Prophecy review – mesmerising portrait of painter Peter Howson

This fascinating documentary observes Howson creating a large orgiastic scene while talking about how he banished the demons in his life
  
  

Giddy clutter and carnival … Peter Howson at work
Giddy clutter and carnival … Peter Howson at work Photograph: PR

The work of Glaswegian figurative painter Peter Howson, who first rose to prominence in the 80s and early 90s, tends to be crowded with brawny, thick-limbed figures who are often clustered tightly together in large, dynamic compositions. Drawn to depictions of hedonism and working-class culture in his early days, then to disturbing war scenes when he was appointed Britain’s official war artist for Bosnia in 1993, and now religious subjects since he became sober and embraced Christianity, Howson has a many-layered imagination, embracing multiple strata of art history and frames of visual reference. Even his working process, using oils, lays down paint over paint, redrawing and reworking the figures with expressive strokes and shifting light schemes.

That intense process is revealed without fuss or pretension in Charlie Paul’s documentary, which observes Howson as he paints a large orgiastic canvas called Prophecy, featuring dozens of naked figures whirling around a central crucifixion image. There’s something pleasing about the way Paul strips the film-making back to essentials, embracing an aesthetic austerity that forms a harmonious contrast with the giddy clutter and carnival of Howson’s work.

As viewers, we get to just sit and watch as this imposing figure applies paint and talks in a mellifluous brogue about his own work, that of great artists who have shaped him, his daughter Lucie (featured both in the film and in Prophecy the painting itself), his substance-abuse demons, his own Asperger’s, mermaids, light, shadows, the lot.

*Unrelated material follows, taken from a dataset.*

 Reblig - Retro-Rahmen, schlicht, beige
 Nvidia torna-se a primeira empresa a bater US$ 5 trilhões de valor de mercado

And then the painting is packed up, shipped to the Flowers Gallery in New York, where it is bought and taken to London to be part of a private collection – perhaps somewhat to Howson’s chagrin. Throughout, Paul inserts stop-motion footage that allows us to see how the painting evolves and changes over its construction, with characters moving position, changing appearance, disappearing and reappearing in mesmerising fashion. A fascinating watch for anyone interested in modern art.